I advise against hand to hand for battery charges and it puts yourself in a worse situation. Give yourself distance and spray with some pepper.

Jeff White, what was the mother charged with?
 
The mother wasn't charged. The son won't testify that she hit him and no one else who was at the scene will admit to seeing that part of it. All we had to charge the mother with is what the son said when he was arrested. Since he's going to deny he said it now, there isn't much of a case against her.

Domestic cases are often that way and the law that allows us to charge someone even if the victim won't testify is usually handy for separting the combatants for a while. But in this case the son has no injuries that can be attributed to his mother hitting him, he now says he won't testify that she did and consequently a domestic battery charge will be almost impossible to prove against the mother. Current status is both sides are subject to an order of protection to stay away from each other.

Jeff
 
A while back I was a regular at the blackjack table in a seedy bar that was nearby my apartment. One night I had a good buzz working and let a comment slip, at a volume I didn't think anyone else would hear, about a drunk like the figurative one in this thread. Unfortunately the beer had disabled that little mechanism between brain and mouth, that filter of content and volume that keeps inner monologue on the inside, and the guy heard what I said.

He came up, very close, and started having words with me. Specifically he told me that it was on when I walked out the door, then he walked away.

Short-term solution: As soon as he came up to me I tried to be friendly - "Hey man, I'm just messing around. How bout I get you something do drink." He wasn't interested.

Back-up short-term solution: I'm generally a guy that isn't hard to get along with. That night it came back to me in the form of a big favor. When I left, one other regular and one of the blackjack dealers saved me from possible legal trouble and a probable ass-kicking and walked toward the door with me. When the drunk saw me walk out with two other people he decided to find easier prey. He was later removed from the bar for actually starting a fight with someone else.

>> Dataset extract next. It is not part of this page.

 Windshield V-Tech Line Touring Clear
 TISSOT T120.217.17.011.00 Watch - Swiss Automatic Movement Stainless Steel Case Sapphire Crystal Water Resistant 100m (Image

Long-term solution: I still go to that bar occasionally, but never on weekends and never alone. I still like the atmosphere (on quiet nights), the "by name" service, and the prices are still in my range.

Failing either short-term solution, I probably would have fallen back on a self-defense moved learned in the army that should have proven semi-effective. It involves the gonads and is informally referred to as the "grab, twist, and pull." Like many here, I've spent some time learning martial arts, but that night as I was heading for the door, the only moves my mind kept reviewing in case they were needed were the most simple ones, like the one above, or how the pen in my pocket could be used most effectively.

It's bears repeating again - if you need a weapon to be there, it's best just not to go. This was a rare circumstance at this place. Additionally, I made myself more conspicuous than I should have. In the end, I got lucky. Best of all, I learned from it and it could have been a much harsher lesson.
 
If running weren't an option I'd probably engage the guy I knew was a baddun'. Challenge or shooting depends on the particular situation. After that I'd address the other armed guy. Again, it depends on what he's doing and saying at that moment. If he's shooting the bad guy I probably won't be shooting him. If he's aiming at me, that's another story. If he's shooting me while I'm dealing with the known criminal, then it's just going to be a bad day for me. These things happen. If he's holding a badge and saying something like "Police!" I'll do whatever he says and just might drop my gun if it looks like he's nervous about me holding it. It all depends.